Infelizmente, este é ainda o modelo económico corrente no país, que se mantém pobre nos processos de criação de riqueza. Apesar de honrosas exceções este é ainda o padrão de produção que não consegue satisfazer os requisitos atuais da sociedade.
O foco apenas no hardware com carência no esforço quanto ao software e humanware significa apenas fraca eficiência e baixa produtividade nacional (Gonçalo Saraiva Matias) nos negócios (e não apenas no imobiliário). Neste mundo competitivo de alta tecnologia e elevado conhecimento técnico perdem-se as valências que criam efetivo valor, em que o material deve perder peso no computo do valor do produto (bem ou serviço).

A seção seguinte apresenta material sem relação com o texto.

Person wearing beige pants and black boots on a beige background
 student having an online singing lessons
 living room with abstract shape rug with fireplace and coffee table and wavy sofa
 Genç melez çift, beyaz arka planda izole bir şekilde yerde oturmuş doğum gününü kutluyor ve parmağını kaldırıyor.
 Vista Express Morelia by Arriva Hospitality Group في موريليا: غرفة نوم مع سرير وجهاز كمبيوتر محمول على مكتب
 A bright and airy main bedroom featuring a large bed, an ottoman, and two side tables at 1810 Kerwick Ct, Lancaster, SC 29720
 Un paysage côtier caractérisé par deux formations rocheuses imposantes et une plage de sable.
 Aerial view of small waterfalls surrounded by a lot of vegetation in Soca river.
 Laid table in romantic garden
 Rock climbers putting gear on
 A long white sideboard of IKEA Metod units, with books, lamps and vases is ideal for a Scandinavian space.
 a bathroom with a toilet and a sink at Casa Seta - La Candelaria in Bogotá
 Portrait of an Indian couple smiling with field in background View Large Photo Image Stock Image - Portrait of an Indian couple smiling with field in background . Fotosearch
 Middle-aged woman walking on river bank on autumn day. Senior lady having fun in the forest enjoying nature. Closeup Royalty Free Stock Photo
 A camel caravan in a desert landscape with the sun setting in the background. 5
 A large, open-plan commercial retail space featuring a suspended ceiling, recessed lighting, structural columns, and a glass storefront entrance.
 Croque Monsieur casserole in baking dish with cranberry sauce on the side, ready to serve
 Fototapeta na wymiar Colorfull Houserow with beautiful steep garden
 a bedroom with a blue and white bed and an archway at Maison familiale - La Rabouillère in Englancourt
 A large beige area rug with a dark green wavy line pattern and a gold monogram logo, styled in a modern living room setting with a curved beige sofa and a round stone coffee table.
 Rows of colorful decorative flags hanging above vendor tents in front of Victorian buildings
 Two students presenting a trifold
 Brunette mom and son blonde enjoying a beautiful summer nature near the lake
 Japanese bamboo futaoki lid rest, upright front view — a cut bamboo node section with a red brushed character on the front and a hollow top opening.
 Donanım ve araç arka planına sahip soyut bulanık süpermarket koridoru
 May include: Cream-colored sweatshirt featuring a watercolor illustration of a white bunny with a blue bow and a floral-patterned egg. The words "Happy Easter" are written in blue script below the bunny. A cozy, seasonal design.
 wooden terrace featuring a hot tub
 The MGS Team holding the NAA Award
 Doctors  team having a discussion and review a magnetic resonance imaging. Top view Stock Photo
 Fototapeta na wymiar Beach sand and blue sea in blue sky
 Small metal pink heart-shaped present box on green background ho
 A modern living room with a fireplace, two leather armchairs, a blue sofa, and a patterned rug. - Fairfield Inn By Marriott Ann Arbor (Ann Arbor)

Se a sociedade precisa de habitação acessível, e não é apenas no preço/renda, mas também a facilidade nas interligações geográficas (porque a habitação no interior do país até é barata, mas é longe dos centros de criação de riqueza, logo não interessa), este modelo tradicional já não consegue responder.
Suponha-se o exemplo de jovem solteiro na área metropolitana de Lisboa com salário médio de 1.041 € que pretende comprar casa nova, digamos um T1 com área bruta total de 60 m². Para se considerar acessível, a sua taxa de esforço não pode ultrapassar 35%, logo o serviço de divida não pode ser superior a 425 € mensal.
Suponha-se que solicita um empréstimo por 30 anos com uma taxa de juro de 4%. Então, o valor de aquisição do apartamento não pode ser superior a 1.500 €/m² de área bruta para cumprir os requisitos acima mencionados.
Acontece que a produção de habitação corrente na região da Área Metropolitana de Lisboa não consegue o custo de construção unitário inferior a 1.800 €/m² de área bruta. Este inclui o IVA de 23%, e exclui os custos de terreno, projeto, licenciamento, fiscalização, direção de obra, encargos financeiros do construtor e a sua margem para cobrir o risco e remuneração. Mesmo que, em absurdo, se estes itens até fossem grátis, oferecidos por algum benemérito (que não existe) não seria possível satisfazer o requisito para a compra.
Assim, com o modelo tradicional corrente não é possível ter habitação acessível.
A sociedade (e economia) irá ser cada vez mais prejudicada, por exemplo com a contínua emigração de jovens (sobretudo quadros) ou com uma população trabalhadora, cansada pelas muitas horas diárias na deslocação trabalho-casa. Assim, não pode esperar-se que a nossa economia melhore a produtividade.
De alguma forma o mercado precisa de fornecer habitação a preços de venda na ordem de 1.500 €/m² de área bruta ou com rendas mensais de 7 €/m² de área bruta.
Impossível? Talvez não!
Mas, a solução pode estar no âmbito da produção do edificado?
Claro que sim. O setor de produção (AEC) poderá ser um grande contribuinte para o efeito. Existem pioneiros, mesmo em mercados conservadores como o português. Um bom exemplo, é o empreendimento “The First” desenvolvido pela construtora Casais.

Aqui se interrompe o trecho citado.